Lv Jingliang, Wang Yu, Fu Haiyue, Pei Yulong, Xie Zhijie
College of Mechanical and Electrical Engineering, Northeast Forestry University, Harbin 150042, China.
College of Civil and Transportation Engineering, Northeast Forestry University, Harbin 150042, China.
ACS Appl Mater Interfaces. 2024 Mar 20;16(11):13651-13661. doi: 10.1021/acsami.3c15956. Epub 2024 Mar 6.
Driver assistance systems can help drivers achieve better control of their vehicles while driving and reduce driver fatigue and errors. However, the current driver assistance devices have a complex structure and severely violate the privacy of drivers, hindering the development of driver assistance technology. To address these limitations, this article proposes an intelligent driver assistance monitoring system (IDAMS), which combines a Kresling origami structure-based triboelectric sensor (KOS-TS) and a convolutional neural network (CNN)-based data analysis. For different driving behaviors, the output signals of the KOS-TSs contain various features, such as a driver's pressing force, pressing time, and sensor triggering sequence. This study develops a multiscale CNN that employs different pooling methods to process KOS-TS data and analyze temporal information. The proposed IDAMS is verified by driver identification experiments, and the results show that the accuracy of the IDAMS in discriminating eight different users is improved from 96.25% to 99.38%. In addition, the results indicate that IDAMS can successfully monitor driving behaviors and can accurately distinguish between different driving behaviors. Finally, the proposed IDAMS has excellent hands-off detection (HOD), identification, and driving behavior monitoring capabilities and shows broad potential for application in the fields of safety warning, personalization, and human-computer interaction.

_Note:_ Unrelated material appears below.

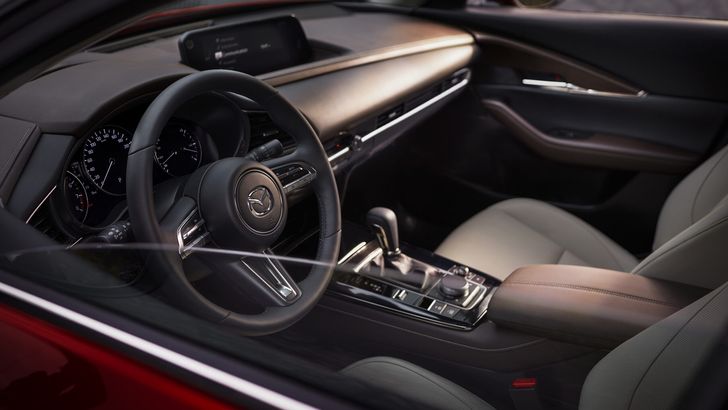 Интерьер Mazda CX-30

驾驶辅助系统可以帮助驾驶员在驾驶时更好地控制车辆,并减少驾驶员的疲劳和失误。然而,当前的驾驶辅助设备结构复杂,严重侵犯驾驶员隐私,阻碍了驾驶辅助技术的发展。为了解决这些局限性,本文提出了一种智能驾驶辅助监测系统(IDAMS),它结合了基于克雷斯林折纸结构的摩擦电传感器(KOS-TS)和基于卷积神经网络(CNN)的数据分析。对于不同的驾驶行为,KOS-TS的输出信号包含各种特征,例如驾驶员的按压力、按压时间和传感器触发顺序。本研究开发了一种多尺度CNN,采用不同的池化方法来处理KOS-TS数据并分析时间信息。所提出的IDAMS通过驾驶员识别实验得到验证,结果表明IDAMS在区分八个不同用户时的准确率从96.25%提高到了99.38%。此外,结果表明IDAMS能够成功监测驾驶行为,并能准确区分不同的驾驶行为。最后,所提出的IDAMS具有出色的脱手检测(HOD)、识别和驾驶行为监测能力,在安全警告、个性化和人机交互领域显示出广阔的应用潜力。